I think John's argument is a good one. I'm leaning a bit closer to sticking with keeping universals to a special-use niche. But I'm still thinking about it. Confused Here's my thoughts so far:

I think that a universal type does the job in a pinch, and is a great tool when you are between two technologies, which you cannot change, that dont' use the same encoding. This is a *very* likely scenario should D gain in popularity, so there's no reason why you wouldn't have this in your toolbox. Its like working on your car only to find that bolt you've been merrily rounding off is metric, and that 1/2" socket doesn't quite cut it; so you instinctively reach for the adjustable wrench instead (and pray to god the bolt isn't torqued). Wink

(Or like the plumbing in my parent's house: its old enough that the threads are all on the "wrong end" of the works, so you can't use any of the typical stuff at Home Depot. You have to get special parts and adapters to hook up that new garbage disposal, but you still want to keep your sink...)
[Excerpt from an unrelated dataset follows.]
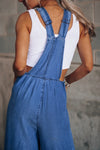 Explore More Collection - Distressed Wide Leg Denim Overalls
In the case of Mango, XML and other related technologies, we are in a position to *dictate* a "Lingua Franca" of sorts and say "use this encoding for optimal performance" and leave it to the library user to transcode at the I/O boundary (or just use universal string where appropriate). I think Mango's filters are especially well suited to this the task of transcoding for situations like this, especially when you can't get the whole stream at once as with over a socket.

So to sum up: UniversalString is an awesome general purpose tool, that solves all kinds of edge cases and odd problems, but the jury is still out as to wether or not its the right fit for the XML family of libs. John makes a very compelling argument, and I can see where he's coming from.